The first approach is to write a plugin. Stash raises TicketAcquiredEvent, TicketReleasedEvent and TicketRejectedEvent at all the times you'd expect events with those names to be raised. Each event includes the bucket the ticket came from. You'd want to monitor the "scm-hosting
" ones; "scm-command
" ones are used for trivial operations like git diff
and git rev-list
and are never held for more than a couple of seconds at a time.
If you choose to go down this route, please take care to do as little processing as possible in your @EventListener
method. If you need to do a lot of processing, please create an ExecutorService
of your own to do it on. Tying up Stash's event threads can result in strange behavior.
The second approach is to add the following line to stash-config.properties
and restart Stash:
logging.logger.com.atlassian.stash.internal.throttle.SemaphoreThrottleService=TRACE
This will enable trace logging specifically for the ticketing system. With that in place you'll start seeing messages like these:
2014-04-07 22:48:32,492 TRACE [http-bio-7990-exec-3] bturner 1368x89x0 qt8gqa 192.168.30.1 "POST /scm/AT/stash.git/git-receive-pack HTTP/1.1" c.a.s.i.t.SemaphoreThrottleService Acquired [scm-hosting] ticket (5/6)

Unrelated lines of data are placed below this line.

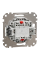 Вимикач одноклавішний перехресний Schneider Electric Sedna Design 10 А Білий (SDD111107)
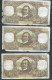 Collection De 9 Billets Tous Pays, Dont 4 Corneilles, Tous états , Beau à Très Defectueux   - Laura 103 Aa - 100 F 1964-1979 ''Corneille''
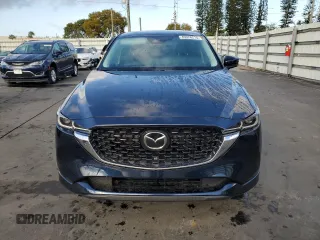 2024 Mazda CX-5 2.5 S Carbon Edition with VIN JM3KFBCL0R0458750, listed as a Copart auction lot 45976215 with 5,194 mi miles and Salvage Title. Bid and sale history available at carsss.com. Image 5.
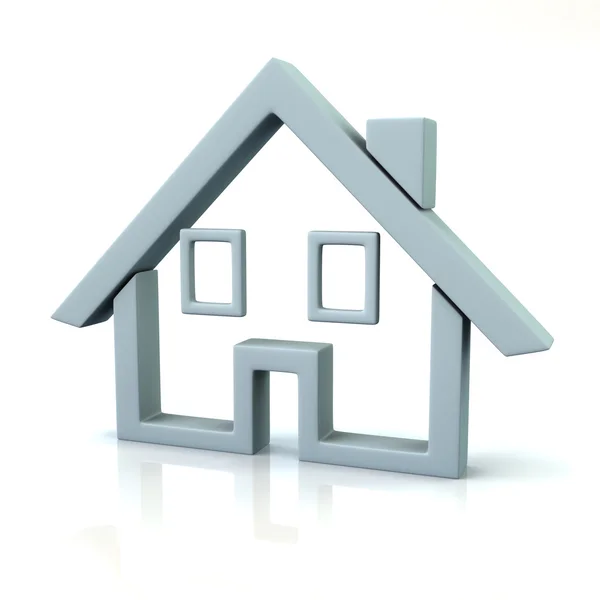 House or home symbol — Stock Photo, Image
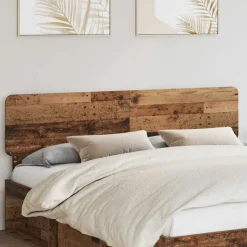 vidaXL Tête de lit Bois Ancien 90 cm Bois d'ingénierie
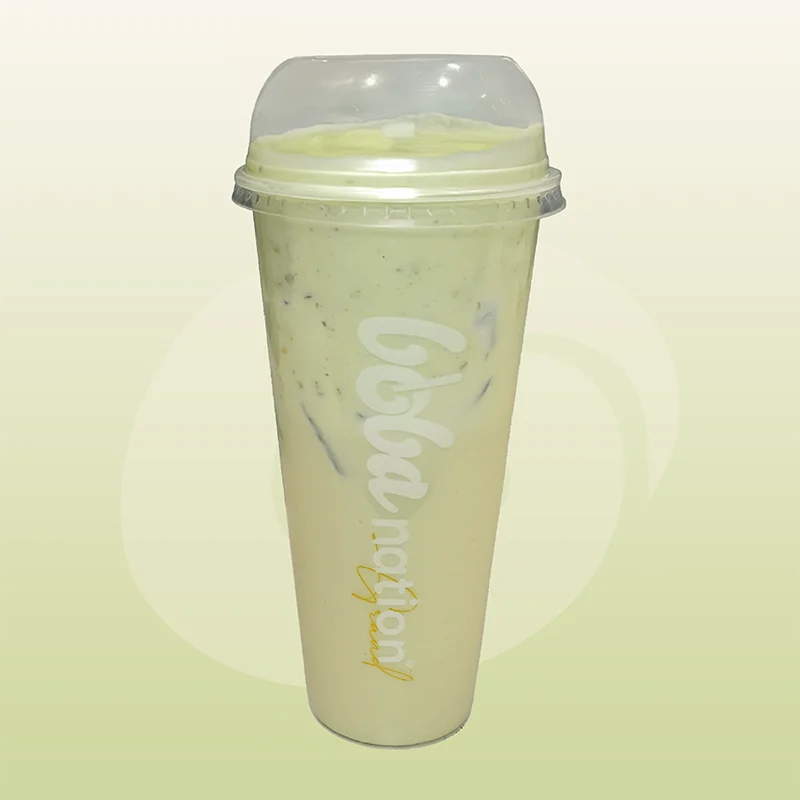 *NEW Pistachio Cloud Milk Tea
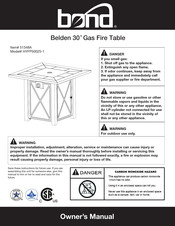 Bond Belden HYFP50025-1 Manual Del Usuario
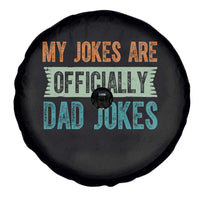 My Jokes Are Officially Dad Jokes Spare Tire Cover Funny New Dad First Fathers Day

2014-04-07 22:48:46,266 TRACE [http-bio-7990-exec-3] bturner 1368x89x0 qt8gqa 192.168.30.1 "POST /scm/AT/stash.git/git-receive-pack HTTP/1.1" c.a.s.i.t.SemaphoreThrottleService Released [scm-hosting] ticket (6/6)
The count is shown at the end, showing (available/total
). In other words, on the first line it's showing one ticket is in use (not five) out of 6, and on the second it's showing that all 6 tickets are available again. You'll also see lines for "scm-command" tickets, but it's unlikely those counts will ever matter much; we've never yet had a customer have issues with "scm-command" tickets because their lifecycle is so brief.
I can't identify my performance culprit. What's the next step?
Please open an issue with Atlassian Support. Make sure of the following:
- You downloaded the logparser tool and ran the
generate-access-logs-graph.sh
on your Stashatlassian-stash-access*.logs
as per instructions on its page. Attach the graphs to the issue. If you can't run the tool, that's ok. We will run it for you based on your Support Zip. - You have your instance debug logging on
- You have your instance profile logging on: this item is very important as it is through it we can see which process is taking a long time to be finished
- You generated the Support Zip (Administration -> Atlassian Support Tools -> Support Zip -> Create) after the problem happened. Pleased attach to the support issue and make sure Limit File Sizes? is unchecked.